Response 3: Thank you for the helpful pointer. We reworded Section 3 to use consistent past tense for everything published in previous works.


Comment 4: If the author is not familiar with the format of the references, it is strongly recommended to carefully read the “Manuscript Preparation” on the homepage of this journal. Authors should strictly follow the journal's requirements for editing reference formats, rather than simply using publicly available BibTeX entries as references.  For example, both are conference papers. Reference [8] contains the city and country, while reference [2] does not. The city and country of reference [2] should be Boston, USA. 

Response 4: Thank you for pointing us to the manuscript preparation page. We updated the bibtex entries to remove duplicate information (IEEE mentioned multiple times in different fields; removal is indicated by red highlight) and added missing publication details to our previously unmodified google scholar entries (all new information is highlighted with green).

Reviewer 2 Report

Comments and Suggestions for Authors

Comments Partially Addressed
Comment 12 (Background): While an introductory paragraph was added to justify Section 2.1, the placement of this section remains questionable. The information on VMI software architecture could be better integrated into the methodology section.

Comment 14 (Hardware Platforms): The author justifies the duplication of configuration details as a feature, but this could be optimized to avoid redundancy.

Comments on the Quality of English Language

The English could be improved to more clearly express the research - While generally clear, some sections contain:

  • Occasional awkward phrasing (e.g., "across on all machines" in Section 7.2)

  • Minor grammatical inconsistencies

  • Some long, complex sentences that could be simplified for better readability

Specific suggestions:

  • Consider professional proofreading to polish sentence structure

  • Simplify complex technical explanations where possible

  • Ensure consistent use of technical terminology throughout

Author Response

Comment 12 (Background): While an introductory paragraph was added to justify Section 2.1, the placement of this section remains questionable. The information on VMI software architecture could be better integrated into the methodology section.

Response: We double-checked the placement of Section 2.1. The methodology section (called Experimental Design) explain the setup for measuring differences between the different breakpoint variants. The section does not cover what the different variants are--this information is located in the background, Section 2.2. It is well placed there, because it is existing knowledge that we present to give context and fundamental understanding of the domain to the reader.

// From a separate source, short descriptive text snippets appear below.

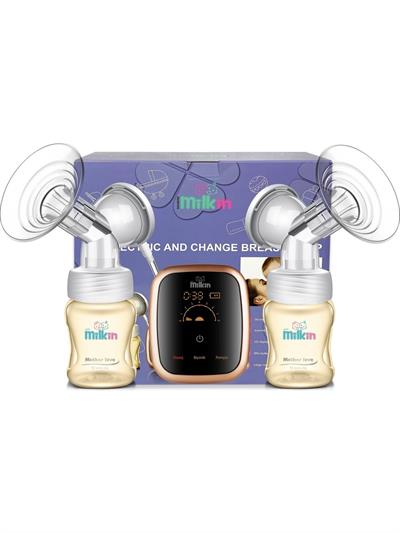 Milk İn Ebp960 Çiftli Elektrikli Göğüs Pompası - Şarjlı Göğüs Pompası - Süt Pompası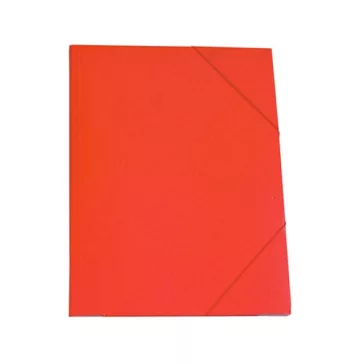 Gumis mappa karton A/4 piros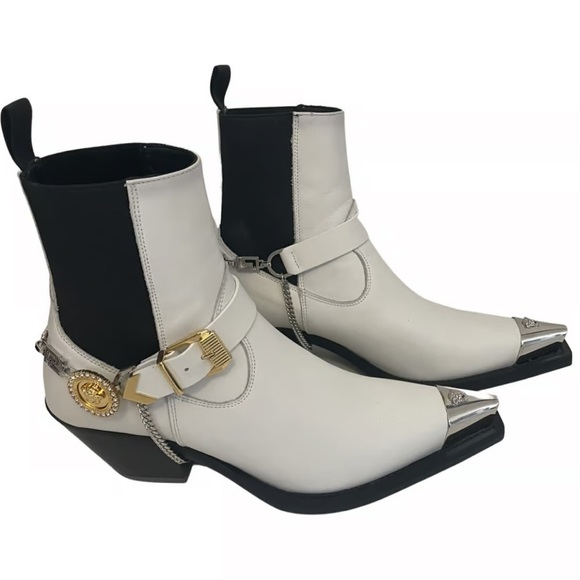 Versace UNISEX Western ankle boots NEW (AUTHENTIC) - Picture 13 of 16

Section 2.2 explains the execution paths of breakpoint handling, going through all parts of the software stack (guest VM, hypervisor, VMI application). Section 2.1 provides an overview of the software setup and is therefore crucial at the beginning of the introduction. On the other hand, the content of Section 2.1 is not relevant for Section 4, and Section 5 specifies which concrete software and versions we use--introducing the generic architecture in the background seems like a reasonable split.

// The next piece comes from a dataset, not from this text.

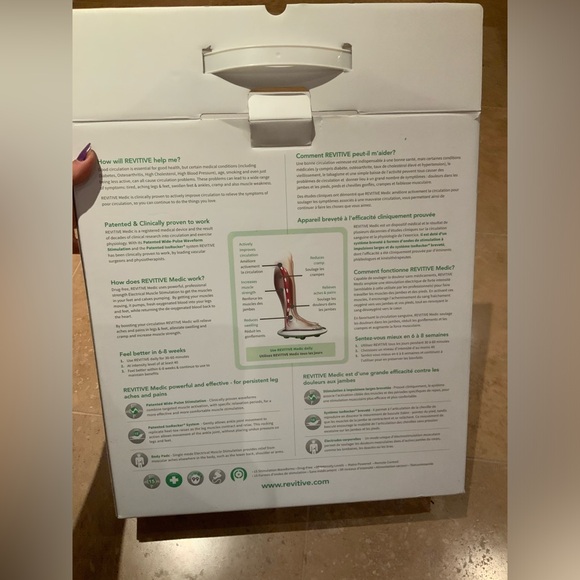 COPY - REVITIVE Medic Circulation Booster Like New Used Once Treat Poor Circula… - Picture 12 of 13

Comment 14 (Hardware Platforms): The author justifies the duplication of configuration details as a feature, but this could be optimized to avoid redundancy.

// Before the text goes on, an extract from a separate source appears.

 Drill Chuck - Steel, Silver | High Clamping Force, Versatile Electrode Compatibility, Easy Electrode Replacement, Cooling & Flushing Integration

Response: After additional consideration, we agree that there is unnecessary duplication. As argued previously, Section 5 gives reasoning for the intents of pinning CPUs, disabling SMT and avoiding dynamic clock speeds. Mentioning the specific technologies and firmware identifiers is not necessary here, it is sufficient to have these names in the more concrete Section 6. Thus, we removed all concrete-technology-related information from Section 5.

Reviewer 3 Report

Comments and Suggestions for Authors

The authors have addressed all the comments. 

Author Response

Thank you for your thorough initial review and the critical questions!